Where the listing shows an image, skip it and output all other material unchanged.

◆ Collected material
□ □ □ □ □ □ □

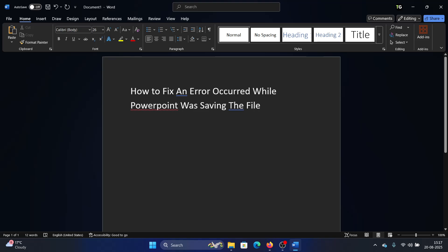Hey friends, if you encounter the error 'an error occurred while PowerPoint was saving this file,' it could be due to two reasons. One is that the application has gone corrupt, and the second one is lack of space on the system.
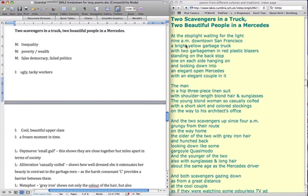Two scavengers in a truck, two beautiful people in a Mercedes, another great poem. The first point of meaning that you can actually talk about here is the idea of the inequality between people.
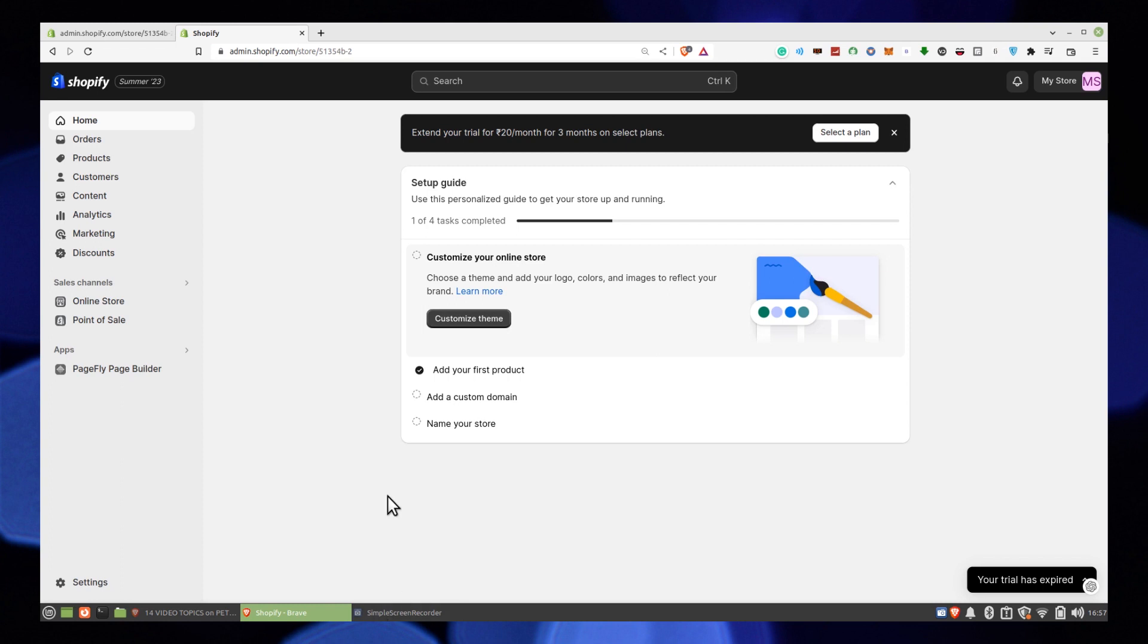That's how you can fix Shopify opening soon problem. Thanks for watching and please leave a like, subscribe and share.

□ □ □ □ □ □ □

◆ Answer to the problem
Hey friends, if you encounter the error 'an error occurred while PowerPoint was saving this file,' it could be due to two reasons. One is that the application has gone corrupt, and the second one is lack of space on the system.
Two scavengers in a truck, two beautiful people in a Mercedes, another great poem. The first point of meaning that you can actually talk about here is the idea of the inequality between people.
That's how you can fix Shopify opening soon problem. Thanks for watching and please leave a like, subscribe and share.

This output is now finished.